Hi Guys, i'm hoping someone can help me.

I have 2 separate questions, any advice would be amazing 


*1.* I’ve purchased an OkiC612N last week, its prints ok on transfers, however there seems to be roller marks on all the prints I produce.
I got in touch with the company as I thought perhaps the drum may have got damaged during transit, I have had confirmation from the place of purchase that it may be faulty - but have been told to get in touch with OKI to sort the issue out, is this the usual protocol ? should the place where I have purchased not replace the machine ?


*2* - I also make custom wedding stationary, and was hopping I could offer foiling ie using Toner reactive foil, for some reason the TRFoil does not stick or react with the OKI printer toner, I thought it was perhaps a lower quality foil or perhaps the ink on the oki.

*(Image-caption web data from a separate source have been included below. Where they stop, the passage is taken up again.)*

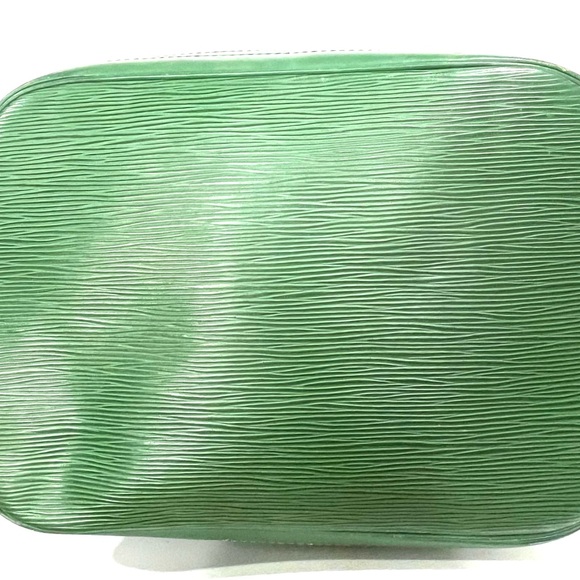 Louis Vuitton Epi Noe - Royal Blue with Emerald Green - Luxury Handbag Giveaway - Picture 4 of 5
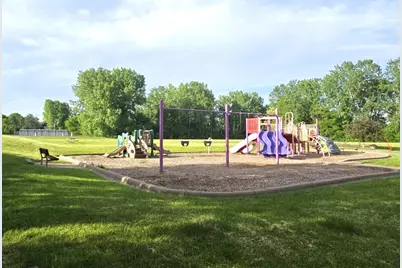 5461 Golfview Avenue N, Oakdale, MN 55128 - Photo 21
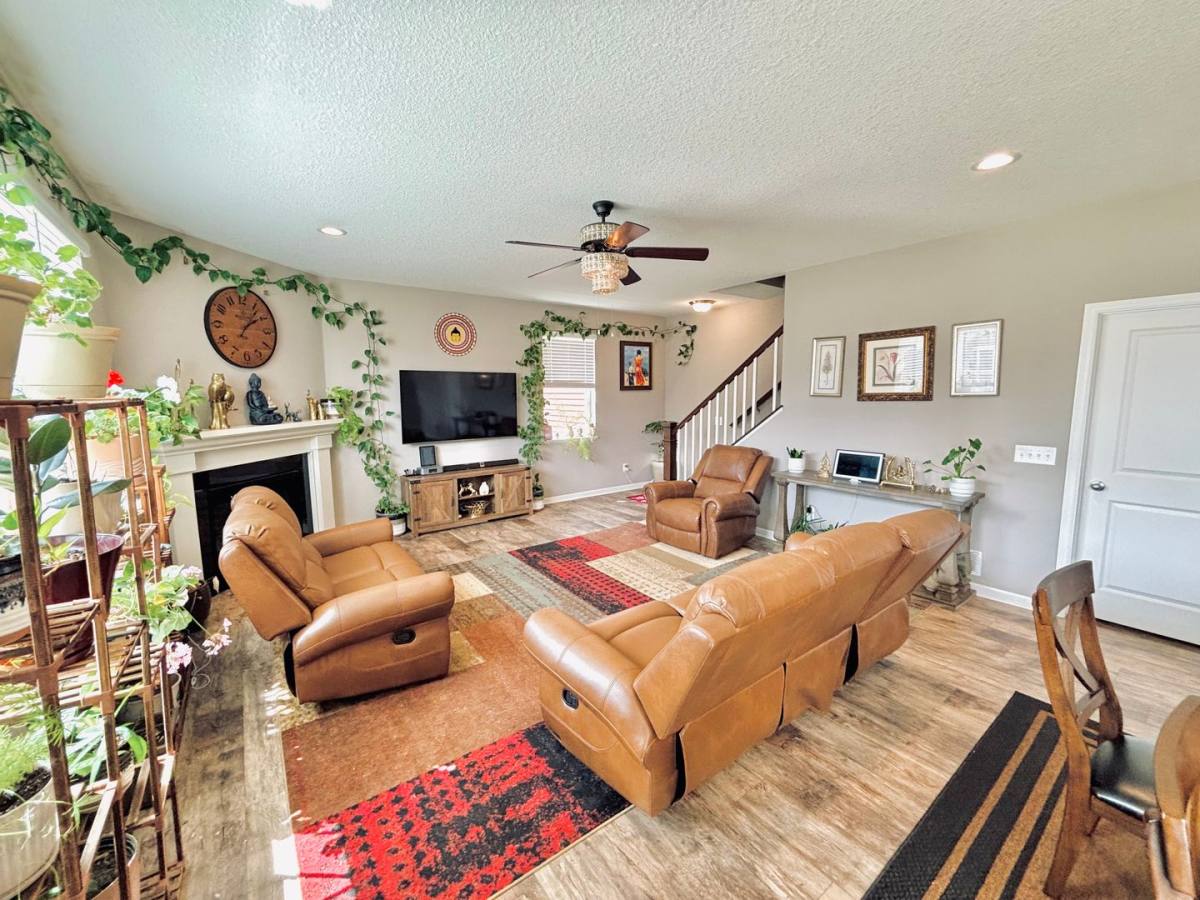 House for rent at 1533 Linwood Circle, Shakopee, MN 55379
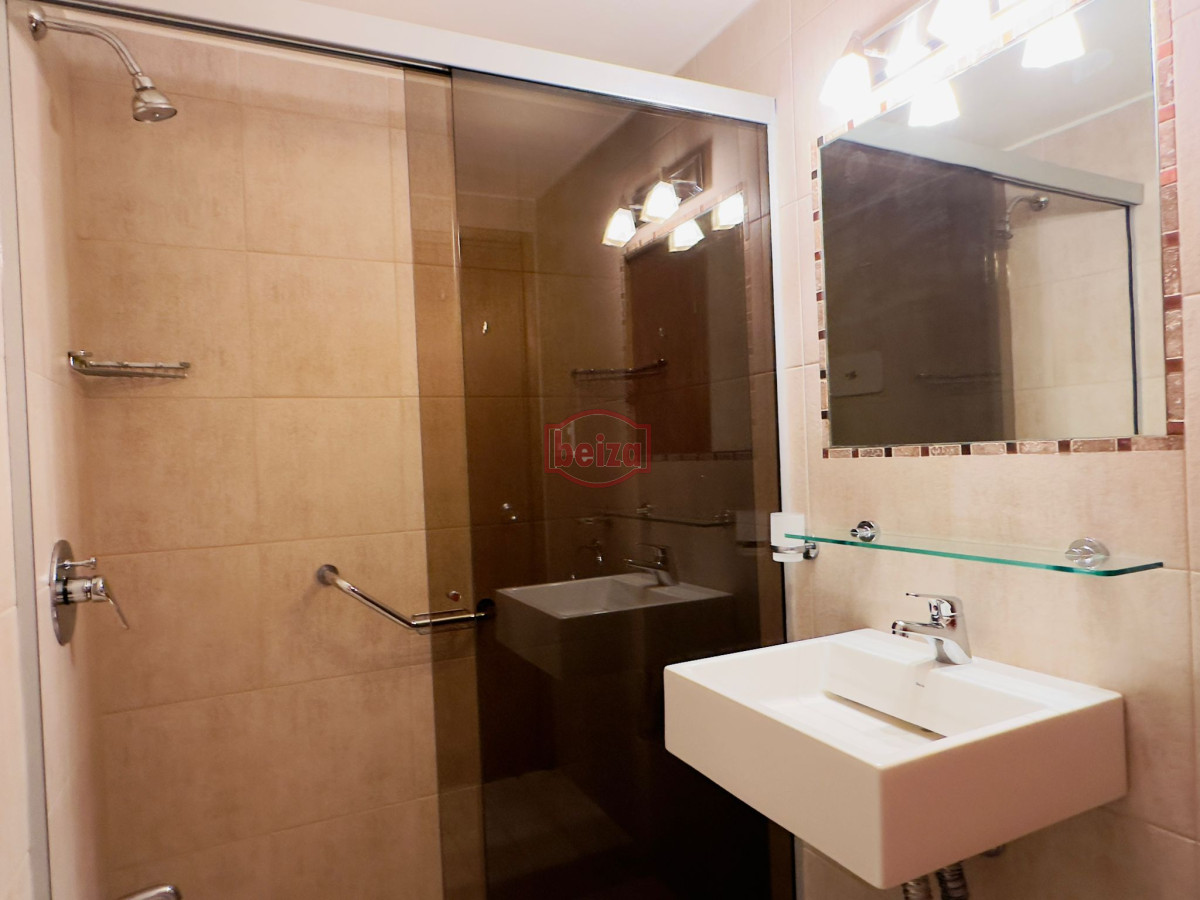 Apartamento ID.165976/Venta-de-apartamento-en-Peninsula,-sobre-el-mar,-Punta-del-Este.- - apartamento en venta y alquiler en playa mansa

I then purchased a much cheaper Samsung desktop laser printer for £20 and seem to be getting great results, Toner reactive foil stick very well (some minor areas still missing) and the Forever trans metallic sticks very well to the substrate due to the cheaper printer toner. 


I am unsure if I am doing something wrong ?why is the OKI giving me a terrible and unusable result where as the cheap printer is giving me great results ? are my colour out put settings not right ? or is there something not working with the ink ?

Thank you so much in advanced


----------